Melek A.. geçen 12 Mayıs'ta eşi Oğulcan A.'nın cezaevinin açık bölümünden firar ettiğini öğrendi. 15 Mayıs'ta Melek A.'yı arayan Oğulcan A., çocuklarını görmek için Taşyaka Mahallesi'ndeki Erasta Alışveriş Merkezi'ne (AVM) gelmesini istedi. Saat 22.30'da çocukları 1 yaşındaki A.M.A ve 2 yaşındaki A.A. ile birlikte alışveriş merkezinin amfi bölümüne gelen Melek A., Oğulcan A. ile buluştu. İddiaya göre önce çocuklarını seven Oğulcan A., daha sonra Melek A.'ya hakkında dedikodular olduğunu belirterek hakaret etmeye başladı. Bu sırada önceden çalıların arasına sakladığı döner bıçağını eline alan Oğulcan A. saldırıya geçti. Melek A.'nın sol bacağına darbeler indiren öfkeli koca, genç kadından kucağındaki oğlunu bırakmasını istedi.

BİR KADIN YARDIMA KOŞTU

Kanlar içinde kalan ve yardım çığlıkları atan Melek A.'nın yardımına çevredeki kalabalığa rağmen yine bir kadın koştu. Oğulcan A.'ya arkadan sarılarak merdivenlerden aşağı iten kadın da ayak başparmağından yaralandı. Oğulcan A. koşarak uzaklaşırken 2 yaşındaki A.A. babasının döner bıçağıyla annesine saldırdığı anları birkaç metre öteden gözyaşları içerisinde izledi. Sol bacağında yaklaşık 30 santimetre kesik oluşan Melek A. ambulansla Lokman Hekim Esnaf Hastanesi'ne götürüldü. Ameliyata alınan kadının bacağındaki yaralar 50'den fazla tel zımbayla kapatıldı. Genç kadının hastanedeki tedavisi sürerken Fethiye Emniyet Müdürlüğü Asayiş Büro Amirliği ekipleri de kaçan Oğulcan A.'nın peşine düştü. Bulunabileceği adreslere baskınlar yapan polis, Oğulcan A.'yı geçen çarşamba günü gözaltına aldı. Kasten öldürmeye teşebbüs suçundan Fethiye Adliyesi'ne sevk edilen Oğulcan A. tutuklanıp, tekrar cezaevine gönderildi.
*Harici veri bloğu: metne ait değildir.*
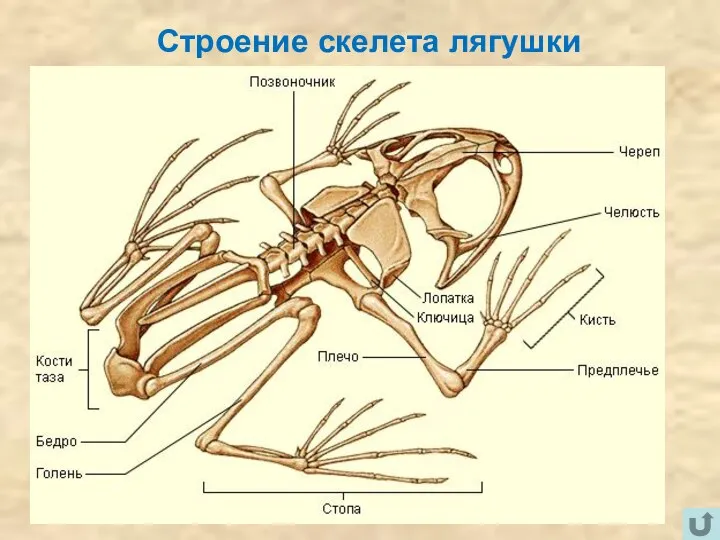 Строение скелета лягушки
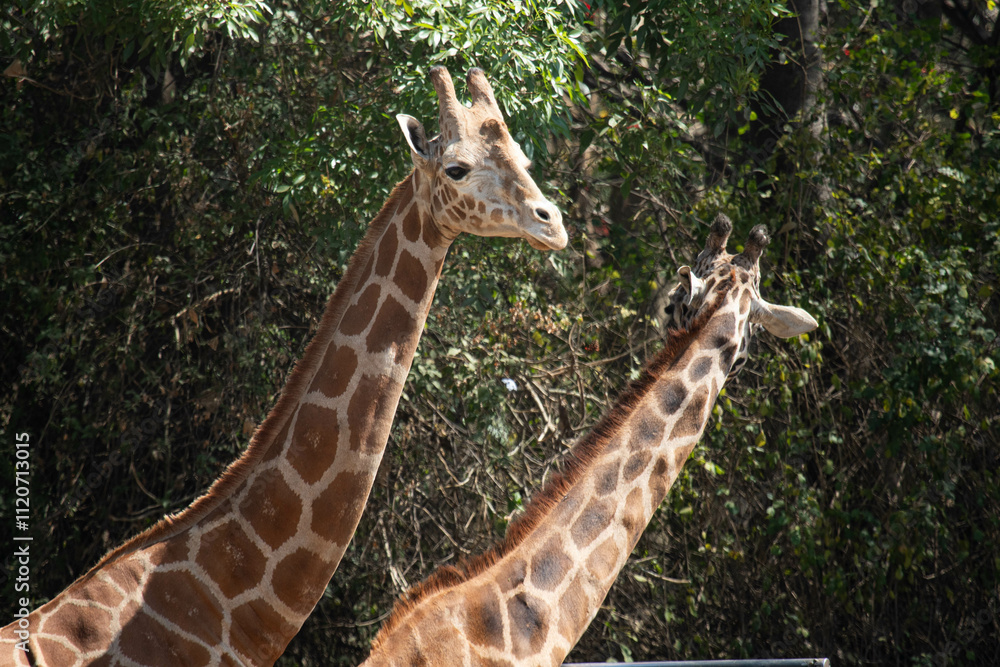 Fototapeta premium Giraffes 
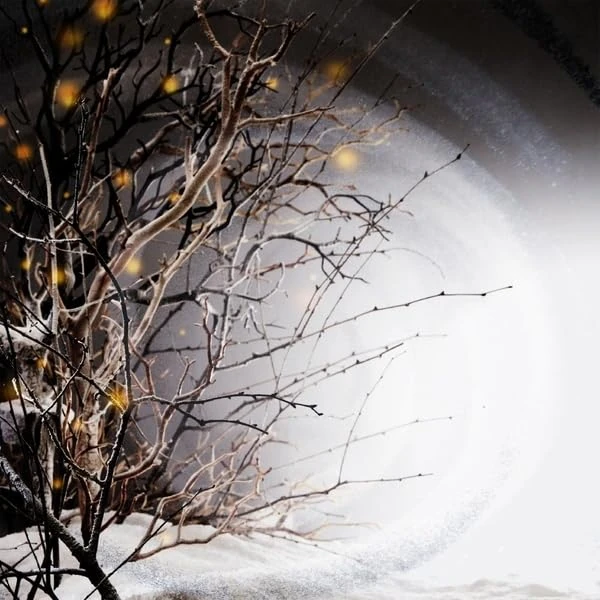 Winterlight LP [VINYL]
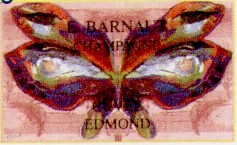 Barnaut1999.jpg (20033 octets)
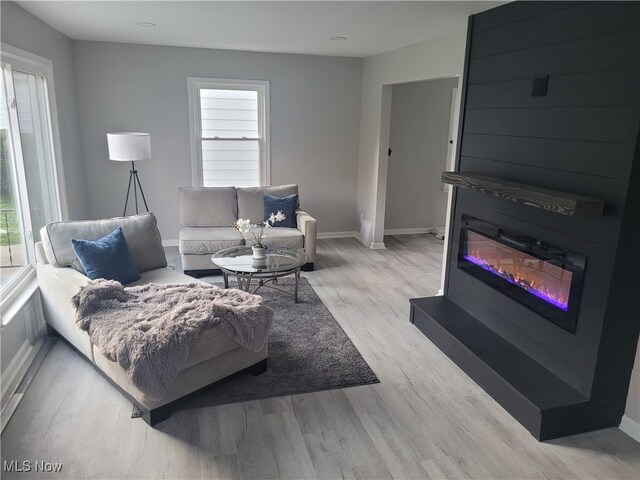 living room with a fireplace, light hardwood / wood-style floors, and plenty of natural light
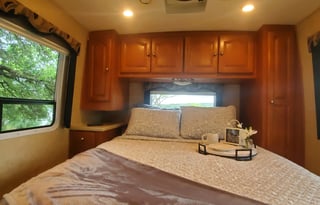 2010 Forest River RV Lexington 295DS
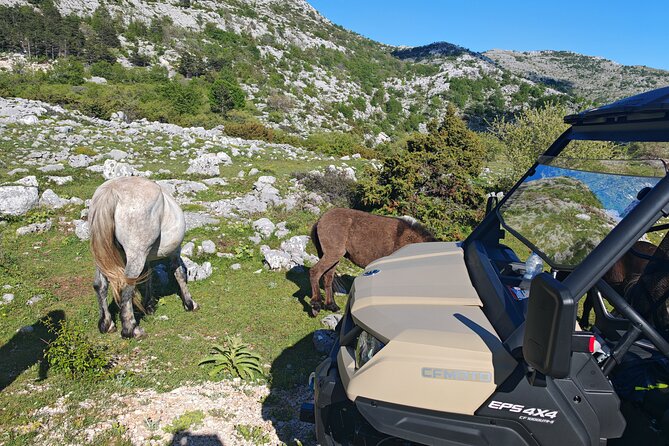 Makarska: Baggy Skywalk & Biokovo Viewpoint Tour - Entering Skywalk Biokovo: tickets handled, time to look, and chilly weather reality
"ÖLDÜKTEN SONRA HABER OLMAK İSTEMİYORUM"

Hastanedeki tedavisi süren Melek A., büyük korku ve panik içinde yaşadığını belirterek, öldükten sonra haber olmak istemediğini kaydetti. Çocuklarını görmek istemesi üzerine olay günü eşiyle buluştuğunu anlatan Melek A. "AVM'nin içine girmesi istedim, dışarı çağırdı. Döner bıçağını önceden saklamış. Amfinin alt merdivenlerinde oturmak istedim. Beni yukarı çıkardı. O sırada döner bıçağını sakladığı yerden alarak vurmaya başladı. Kasıtlı ve planlı şekilde hareket etti. Daha öncede ailemi arayıp, 'Bedelini ödeyecek', 'Ona zarar vereceğim' şeklinde tehditleri vardı. Önce çocuklarını sevdi, ardından döner bıçağıyla bana vurmaya başladı" dedi.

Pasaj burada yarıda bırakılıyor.